はげましの言葉

 ちゃっかりランチをお勧めしてきたマイノの店で昼食を取りがてら、今後のことを話し合った。


 薬草と防具はお師匠さま特製のを貰ってきたので当分はもつとして、後は一通りの携帯食と武器を揃え、地図を手に入れる。

 それに薬草が足りなくなったら僕が作ればいいし、道すがら素材を集めて売れば旅費も稼げる。


 まず向かうのは火山の国、アクロデール。

 300年に一度咲く『炎の花』の伝説の残る土地は多いが、一番有力な候補地だと魔法使いが言っていた。いつが300年目なのか正確には分からないけど、男が記録を調べた限りその日は近いらしい。

「地震は多いが温泉が豊富で食べ物が美味い」と、能天気に話す魔法使いが完全に観光気分なのが腹立たしい。

 お師匠さまの依頼がどこまでなのか分からないが、案内役の男は楽しまねば損だと思っているのが見え見えだ。本当にこいつに任せても大丈夫なんだろうか。


◇◇◇◇◇


 街道に出て南への広い道をしばらく歩いた頃だった。

 町の周辺の道に敷き詰められていた石畳が途切れ、轍の跡のついた土の道と草木の香り漂う長閑のどかな風景が広がる。太陽はまだ高い位置にあり、風も穏やかだ。


 道沿いの木立の間から、さくさくと微かな音が聞こえる。単調なリズムのそれが葉擦れでないことは僕にも分かった。何かがついてくる。

 ひくひくと鼻をうごめかせていた双子狼が、目だけで会話を交わし、ディルだけが素早く木立の間に分け入った。

 残像が見えるのではないかと思うくらい俊敏な動きの後に、「ぷぎぃぃぃぃ」という悲鳴が聞こえてきた。


「これどうします?」


 戻ってきたディルが片手にぶら下げたものを前に、僕らは唸る。どうしますと言われてもだな……。


「ちくしょー!放せ!」

「うるせーな、焼き豚にしてやろうか」

「やっぱり喰うんだな、この野蛮な犬め!」

「犬じゃねえ、狼だ」


 このやり取り前も聞いたような……。足首を掴まれた状態でぶらんぶらんと揺れながら悪態をついているのはマイノ。
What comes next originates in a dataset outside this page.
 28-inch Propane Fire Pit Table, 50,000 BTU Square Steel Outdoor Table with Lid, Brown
 藁色の髪は逆立ち、文字通り頭に血が上っているのか、ふっくらした頬が真っ赤になっている。

 見ればすっかり旅支度を整え、大きな骨切り包丁を革のホルダーで両脇に吊るし、盾のように平たい鍋を背負っている。

 なんで鍋なの。どこから突っ込んでいいか分からない。


「俺もついて行くからな!まだ疑いが晴れた訳じゃないぞ!」

「だから違うって言ってるだろが」

「必ず尻尾掴んでやる!」

「面倒だな。るか」

「ぴぎぃぃぃぃ!!!」


 物騒な相談を始めるディルとレイに、慌てて近づき下ろすように頼む。そんな言い方では疑いを晴らすどころか深めるだけだ。
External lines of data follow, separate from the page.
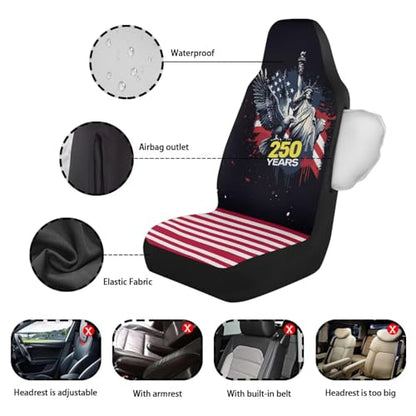 250th Anniversary Car Front Seat Cover Set of 2, American Flag Printed Waterproof Car Seat Cover for Front Seats, Airbag Compatible, All Weather Protector, Universal Fits - color: Black and Red - 250th Anniversary
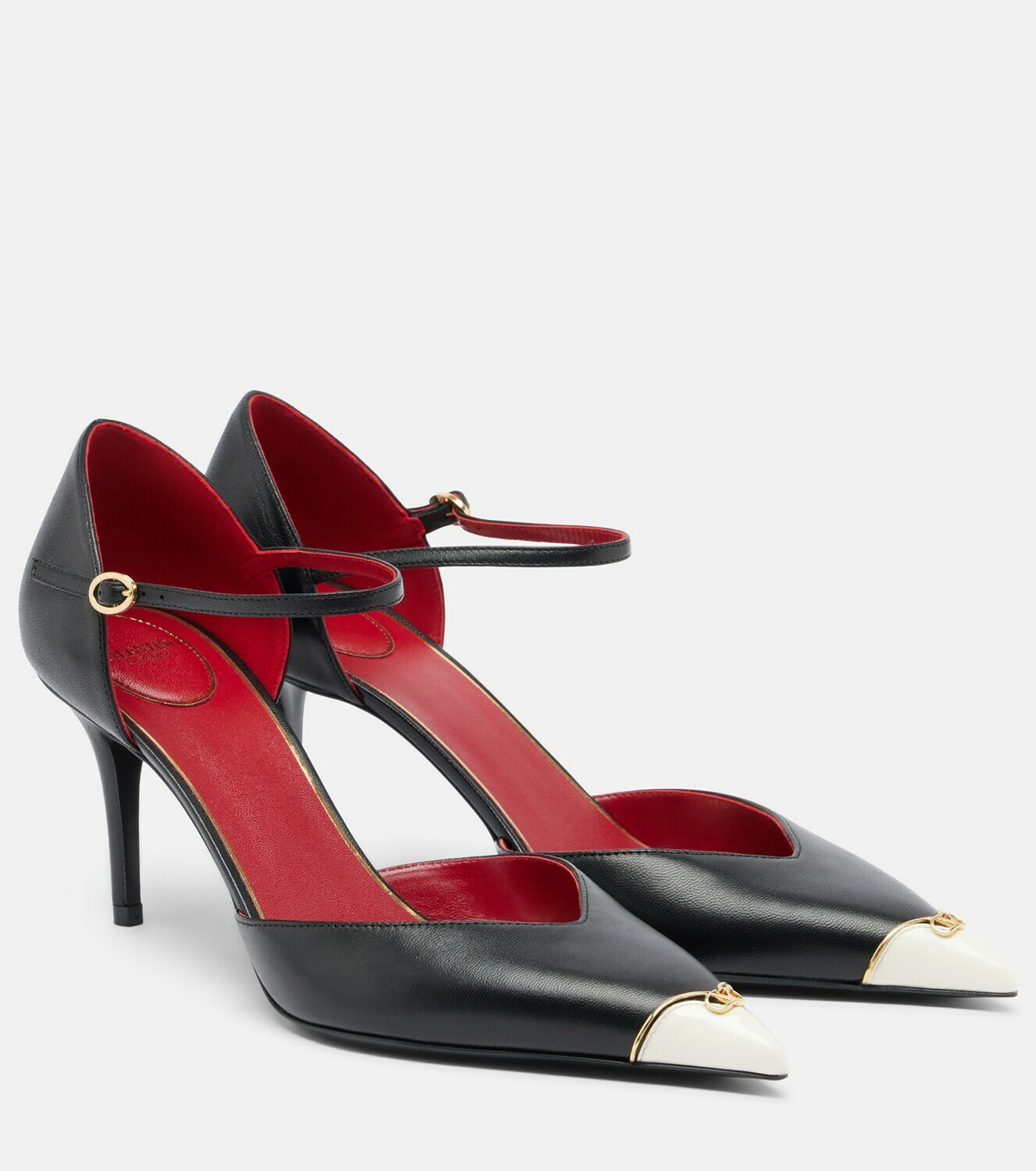Valentino Garavani D'Orsay Heartip leather pumps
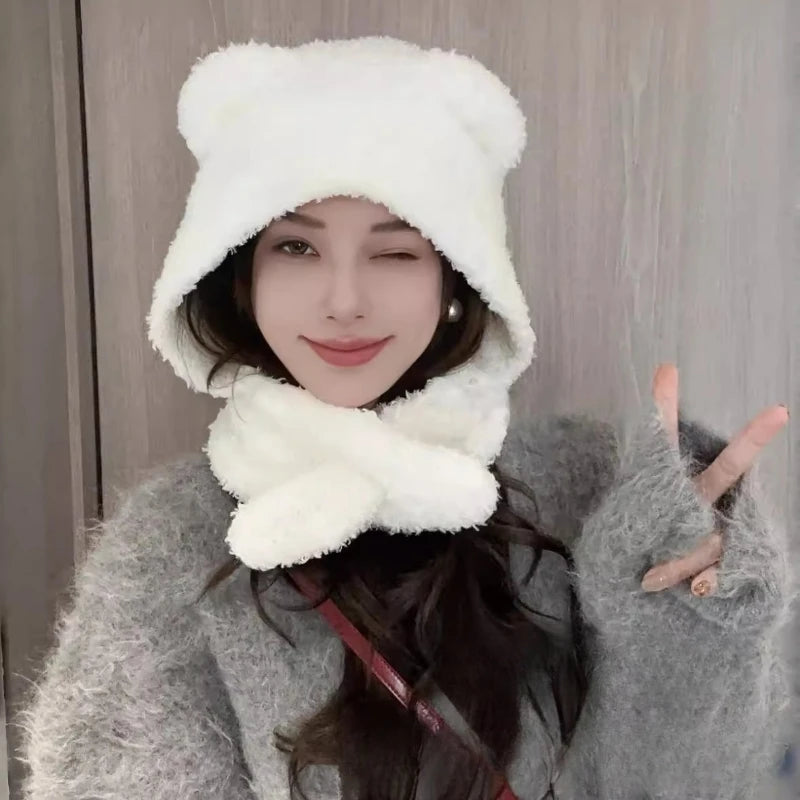 Bear Ear Knitted Hat & Scarf Set | Warm Winter 2-Piece Women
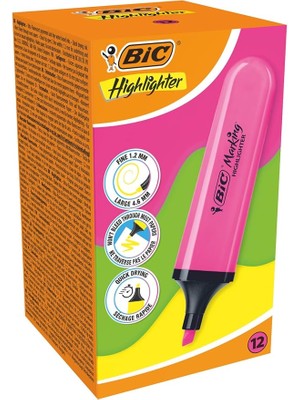 Leaf Shop Marking Flat Higlighter Fosforlu Kalem 12'li Kutu, Pembe Fosforlu Kalem, Su Bazlı, Hızlı Kuruyan Mürekkep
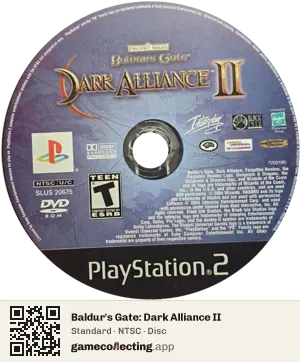 Baldur's Gate: Dark Alliance II PlayStation 2, NTSC disc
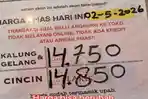 Update Harga Emas Perhiasan di Palembang Hari Ini Sabtu 2 Mei 2026, Kembali Naik Rp50 Ribu per Suku
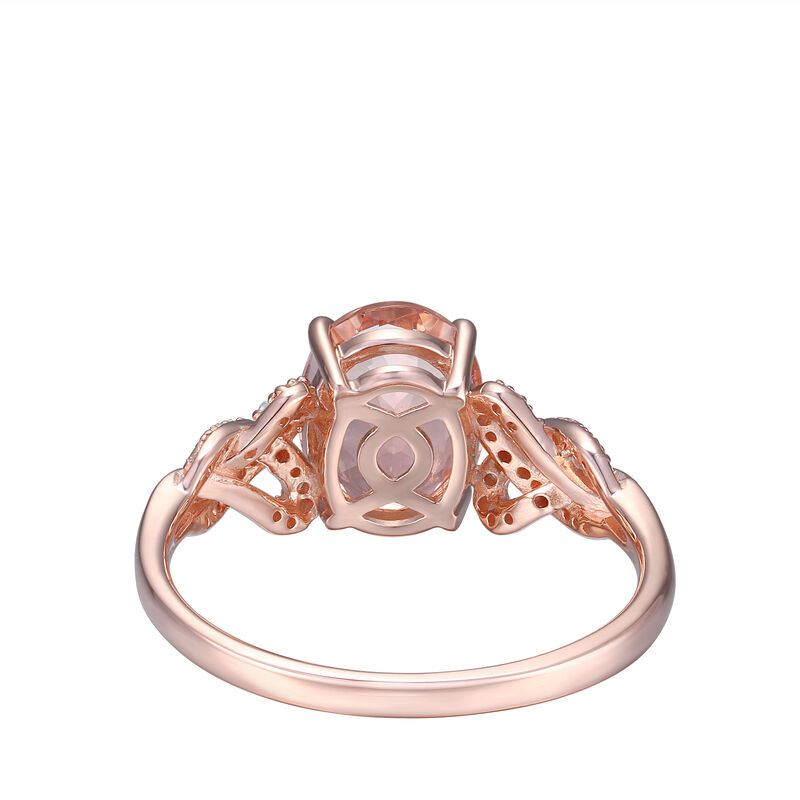 Morganite and Diamond Ring in 10K Rose Gold &#40;1/8 ct. tw.&#41;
 僕は地面に腕を突っ張り肩で息をしているマイノの目をじっと見つめた。榛色の小さな瞳は潤み、泣き出すのを堪えるように揺れている。

 本気で疑っているのではないのだろう。誰にぶつけていいか分からない憤り、突然大切な存在を失った悲しみや寂しさ、何も出来ない自分への苛立ち、色んな感情がぐちゃぐちゃになって、何かしていなければ爆発しそうなのだ。


 見た目だけなら僕よりも少し年下であろう少年の気持ちは分かる気がする。僕にはお師匠さまがいるけど、心の支えを失ったら僕だってきっと暴走する。


 僕は少し考えて、マイノの掌の下の土塊つちくれに目を落とした。心のうちに陣と術式を思い浮かべながらそれに向けてパチリと指を鳴らす。


「わっ……何?」


 僅かな土の塊は生き物のように立ち上がり、曖昧な形のままゆらゆらと揺れ動いた。ゴーレムの作り方の応用だ。

 僕はマイノの手を取りそれを彼の手の平の上に乗せた。マイノの名前とゴーレムの核になる古代文字を刻むと、それは小さな小さな獣の形になる。

 

「猪だ……」

『あげる』


 僕は伝わるように願いながら両手で猪ごとマイノの手を包み、彼の方へ押しやりながら微笑んだ。名前を刻んだから、必要な時はマイノを守る頼もしい味方になるはずだ。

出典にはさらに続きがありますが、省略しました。